Como em Marcas da Violência, aqui também se trabalha com aparências que enganam. O que parece ser, na verdade não é. Nikolai é essa ambigüidade. Sua aparência é uma crosta de proteção, criada a partir da necessidade de sobrevivência em um ambiente hostil. Sua verdadeira identidade é, digamos, camuflada. Um homem bom rodeado de maus. E Cronenberg chega a uma resolução relativamente simples para o impasse da identidade levantado em Marcas da Violência: são nossos atos que nos definem. Aparência, meio social, influências, instinto ou razão, tudo isso pesa nas escolhas e nos julgamentos, mas é a tal faísca da decisão individual que nos nomeia apesar de nossas máscaras. É um processo constante com possibilidades de redenção ou não. 

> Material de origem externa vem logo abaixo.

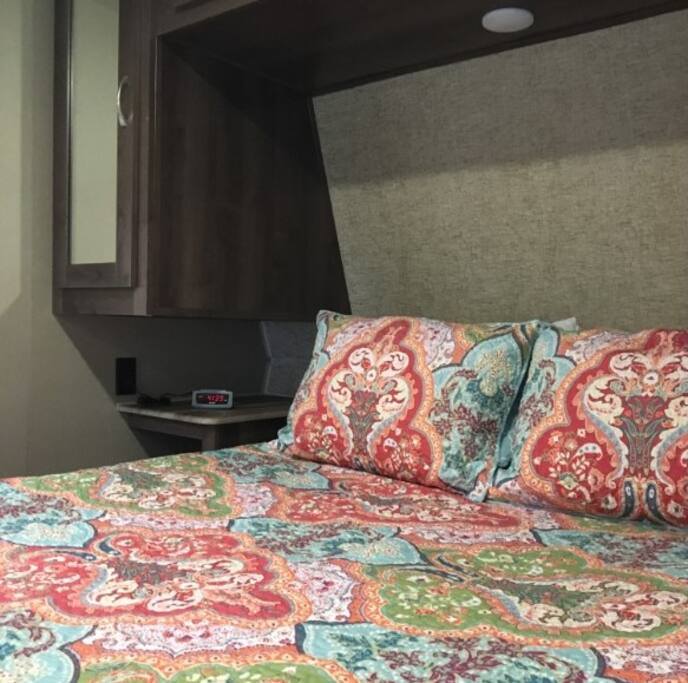 Queen-size master bed.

Senhores do Crime é um filme eficiente em dar essa resposta. Sua formatação, se não é ousada, é adequada ao que se quer transmitir. Não há nenhuma novidade em como se conta a história e não há nada que Cronenberg já não tenha feito. Não há nenhum tipo de movimento no tempo, nenhum flashback, nada; a história é um thriller linear, até mesmo com as nuances das personagens sendo postas de maneira clara quase de cara. O máximo que o roteiro faz é salpicar alguns trechos do diário da jovem, tentando traçar um perfil dos imigrantes russos que vão tentar a vida em Londres atraídos por promessas de sucesso e dinheiro, mas que acabam por se deixar aprisionar pela rede da máfia em serviços de prostituição e tráfico (daí o título original, Eastern Promises, bem mais poético que esse Senhores do Crime!). 

O melhor do filme é o clima tenso, de personagens de maldade disfarçada, capazes de rompantes de violência crua. Hora ou outra, aquelas personagens se revelam em cenas de degola, de olho sendo furado com canivete, de punhaladas. Cronenberg novamente joga com o naturalismo dessas cenas para provocar o espectador (é a tal natureza velada, a verdadeira identidade) e também para não deixar o filme um marasmo só. O clímax atingido com a cena da luta de Nikolai na sauna é um recurso nesse sentido. Se retirarmos essa cena, Senhores do Crime seria apenas um thriller como tantos outros, tendo conotações maiores apenas se olhado em parceria com Marcas da Violência e entendido como uma prolongação de sua discussão. Com a coragem de Viggo nessa cena e também com em toda a sua excelente composição o filme ganha algo de verdadeiramente memorável e que o identifique além dos demais.